EVENTS
COALITION BY-ELECTION LOSS IN JAPAN Japan's Prime Minister Tomiichi Murayama failed a test of strength yesterday as an alliance of opposition parties triumphed over his ruling coalition in a closely watched by-election for a parliamentary seat. Coalition candidate Jiro Mizuno insisted that the result is ``my personal responsibility.'' For the opposition, former Prime Minister Tsutomu Hata said voters had judged the alliance between Mr. Murayama's left-leaning Socialists and the conservative Liberal Democrats as ``an act of betrayal'' and wanted a progressive new party. The Liberal Democrats had governed Japan alone from 1955 until last year. The vote was for an upper house seat for central Aichi prefecture.
Dole to help North
US Senate Minority Leader Robert Dole, who once appeared hesitant to endorse Republican Senate candidate Oliver North, has agreed to join him on the campaign trail in Virginia.

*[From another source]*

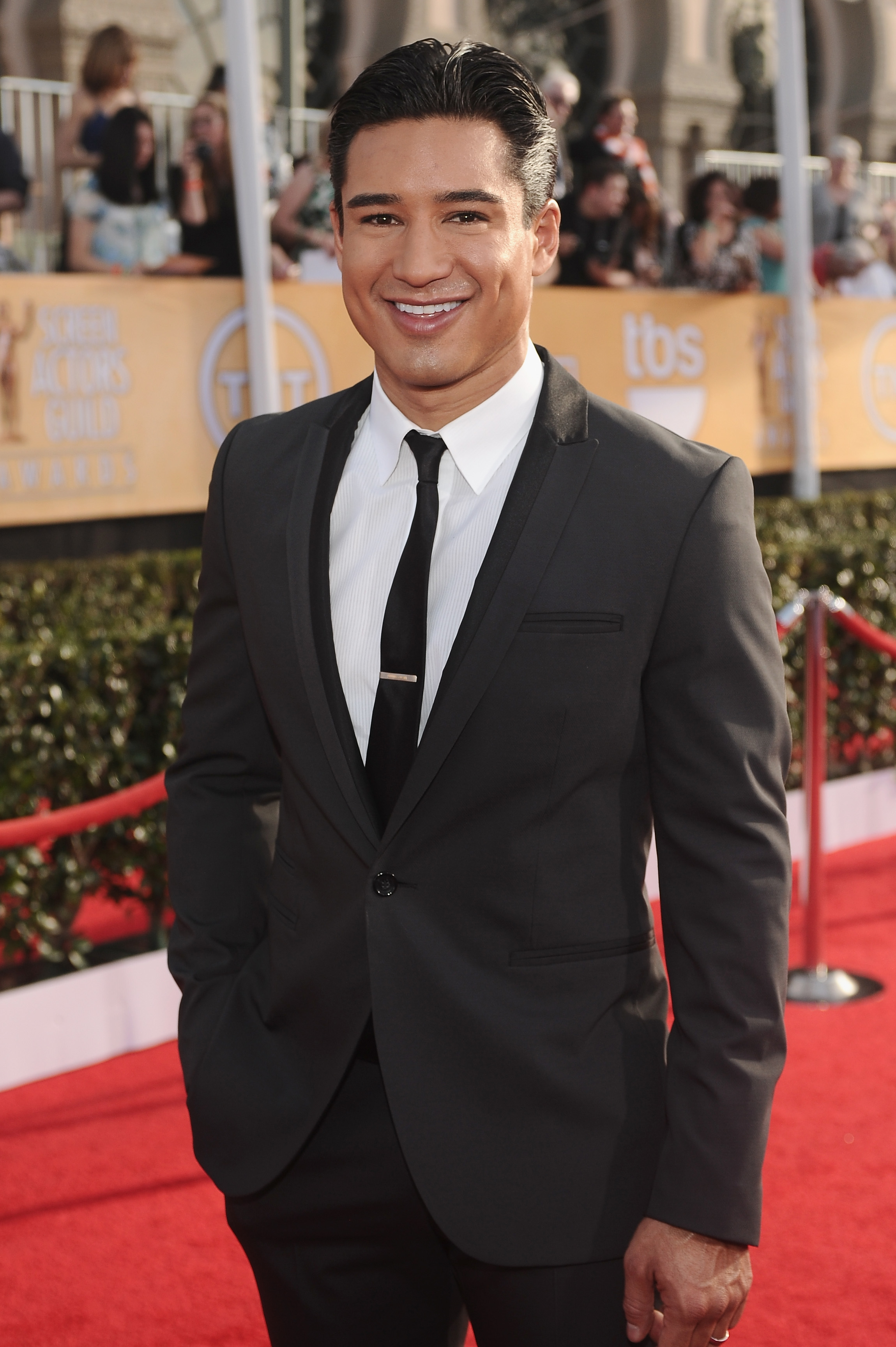Mario Lopez in a black suit and tie, posing on the red carpet at an event with a crowd and a gold backdrop behind him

Mr. Dole said he will appear with North in Alexandria, Norfolk, Salem, and Richmond as part of a tour on behalf of Southern GOP candidates. North is running for the seat held by Democratic Sen. Charles Robb. Former Gov. L. Douglas Wilder and former state Attorney General J. Marshall Coleman are running as independents.
Shuttle shoots laser
Bright green laser pulses streamed from space shuttle Discovery on Saturday and bounced off thick, high clouds over Caribbean tropical storm Debby in the first atmospheric study of its kind.
Ground controllers directed the lasers at the storm as the shuttle soared overhead. The experiment took place several hours after the shuttle successfully blasted off for a nine-day flight.
Greece, Albania at odds
Albania accused Greece of exacerbating tensions between the Balkan rivals Saturday by closing a Greek consulate and virtually sealing the border. The Albanian Foreign Ministry issued a statement saying that Greece had closed its consulate in Gjirokastra, a town in southern Albania where an ethnic Greek minority is concentrated. Relations between the two countries deteriorated sharply when a Tirana court on Wednesday convicted five ethnic Greeks of spying for Greece and sentenced them to prison.
Pope in Zagreb
Pope John Paul II in Zagreb, Croatia, urged his Catholic Croatian hosts to seek peace with their Serb neighbors yesterday. However, on Saturday he called Sarajevo, surrounded by Bosnian Serb forces, ``a martyred town'' and specifically mentioned Croat towns taken by Serbs. Croats chafe at the loss of one-third of their land in the civil war against the Serbs three years ago, and many vow to get it back.